▶ _Data entries_

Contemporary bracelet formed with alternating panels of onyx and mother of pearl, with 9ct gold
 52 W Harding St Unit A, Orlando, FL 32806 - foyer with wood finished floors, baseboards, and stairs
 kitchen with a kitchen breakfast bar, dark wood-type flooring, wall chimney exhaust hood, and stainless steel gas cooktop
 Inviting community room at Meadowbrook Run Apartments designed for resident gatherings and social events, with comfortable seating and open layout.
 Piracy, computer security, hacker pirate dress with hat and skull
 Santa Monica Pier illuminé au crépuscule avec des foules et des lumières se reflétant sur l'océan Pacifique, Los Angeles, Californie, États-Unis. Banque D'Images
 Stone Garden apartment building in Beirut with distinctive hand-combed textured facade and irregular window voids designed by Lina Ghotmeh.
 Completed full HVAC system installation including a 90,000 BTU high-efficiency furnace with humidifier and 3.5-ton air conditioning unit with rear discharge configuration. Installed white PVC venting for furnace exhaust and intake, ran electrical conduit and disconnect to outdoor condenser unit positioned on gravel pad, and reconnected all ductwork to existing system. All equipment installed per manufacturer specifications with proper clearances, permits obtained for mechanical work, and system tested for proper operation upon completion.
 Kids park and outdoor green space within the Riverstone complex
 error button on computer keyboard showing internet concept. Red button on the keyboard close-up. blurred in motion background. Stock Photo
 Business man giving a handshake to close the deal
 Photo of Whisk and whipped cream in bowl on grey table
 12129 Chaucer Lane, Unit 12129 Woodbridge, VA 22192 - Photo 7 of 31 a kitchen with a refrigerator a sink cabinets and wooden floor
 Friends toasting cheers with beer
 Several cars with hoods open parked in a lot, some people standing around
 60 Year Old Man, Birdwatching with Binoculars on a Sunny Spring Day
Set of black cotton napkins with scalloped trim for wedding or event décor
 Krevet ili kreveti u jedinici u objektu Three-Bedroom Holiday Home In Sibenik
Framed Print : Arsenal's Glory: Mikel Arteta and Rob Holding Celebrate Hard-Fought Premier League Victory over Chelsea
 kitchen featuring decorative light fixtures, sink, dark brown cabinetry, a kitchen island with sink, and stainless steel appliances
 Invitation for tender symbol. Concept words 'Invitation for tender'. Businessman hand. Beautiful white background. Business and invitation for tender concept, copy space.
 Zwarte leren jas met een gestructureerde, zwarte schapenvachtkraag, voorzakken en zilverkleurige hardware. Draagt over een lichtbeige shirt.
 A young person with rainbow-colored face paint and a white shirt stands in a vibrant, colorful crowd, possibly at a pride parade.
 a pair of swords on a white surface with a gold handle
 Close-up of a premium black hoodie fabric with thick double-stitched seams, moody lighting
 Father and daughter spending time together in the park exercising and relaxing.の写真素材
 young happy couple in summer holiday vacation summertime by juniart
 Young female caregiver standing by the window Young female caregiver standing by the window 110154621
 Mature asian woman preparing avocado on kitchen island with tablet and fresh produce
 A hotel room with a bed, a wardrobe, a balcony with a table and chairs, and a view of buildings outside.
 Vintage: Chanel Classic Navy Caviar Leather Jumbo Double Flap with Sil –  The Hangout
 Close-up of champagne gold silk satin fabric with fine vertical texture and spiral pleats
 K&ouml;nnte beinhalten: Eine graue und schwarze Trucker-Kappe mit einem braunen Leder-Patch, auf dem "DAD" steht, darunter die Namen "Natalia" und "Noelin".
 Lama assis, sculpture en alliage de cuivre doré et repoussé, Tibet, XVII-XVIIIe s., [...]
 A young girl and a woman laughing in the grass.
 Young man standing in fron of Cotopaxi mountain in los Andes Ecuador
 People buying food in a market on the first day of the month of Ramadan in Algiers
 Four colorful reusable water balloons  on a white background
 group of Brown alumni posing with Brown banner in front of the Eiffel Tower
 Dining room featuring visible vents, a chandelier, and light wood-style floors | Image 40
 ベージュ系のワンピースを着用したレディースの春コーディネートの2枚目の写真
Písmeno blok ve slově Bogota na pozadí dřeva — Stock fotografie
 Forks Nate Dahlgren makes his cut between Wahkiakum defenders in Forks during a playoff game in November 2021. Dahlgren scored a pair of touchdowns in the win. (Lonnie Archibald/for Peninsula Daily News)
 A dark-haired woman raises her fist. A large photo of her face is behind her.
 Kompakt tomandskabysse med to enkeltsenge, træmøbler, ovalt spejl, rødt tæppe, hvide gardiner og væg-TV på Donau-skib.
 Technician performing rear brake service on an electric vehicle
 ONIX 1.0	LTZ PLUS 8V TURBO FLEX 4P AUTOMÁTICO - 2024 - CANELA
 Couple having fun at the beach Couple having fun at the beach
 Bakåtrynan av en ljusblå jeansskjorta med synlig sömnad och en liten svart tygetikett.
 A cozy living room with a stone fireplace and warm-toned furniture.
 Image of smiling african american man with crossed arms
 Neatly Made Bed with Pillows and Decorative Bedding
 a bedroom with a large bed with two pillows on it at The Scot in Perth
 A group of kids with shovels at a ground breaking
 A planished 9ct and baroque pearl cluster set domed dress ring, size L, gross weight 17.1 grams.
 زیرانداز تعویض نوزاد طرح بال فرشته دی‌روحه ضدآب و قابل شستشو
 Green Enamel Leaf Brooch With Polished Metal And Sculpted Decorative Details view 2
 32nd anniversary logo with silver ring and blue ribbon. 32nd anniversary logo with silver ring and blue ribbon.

▶ _DIRECTIONS_
For the word "shirt", please say how many lines in the entries hold it, with only the number as the reply.

▶ _RESULT BELOW_
2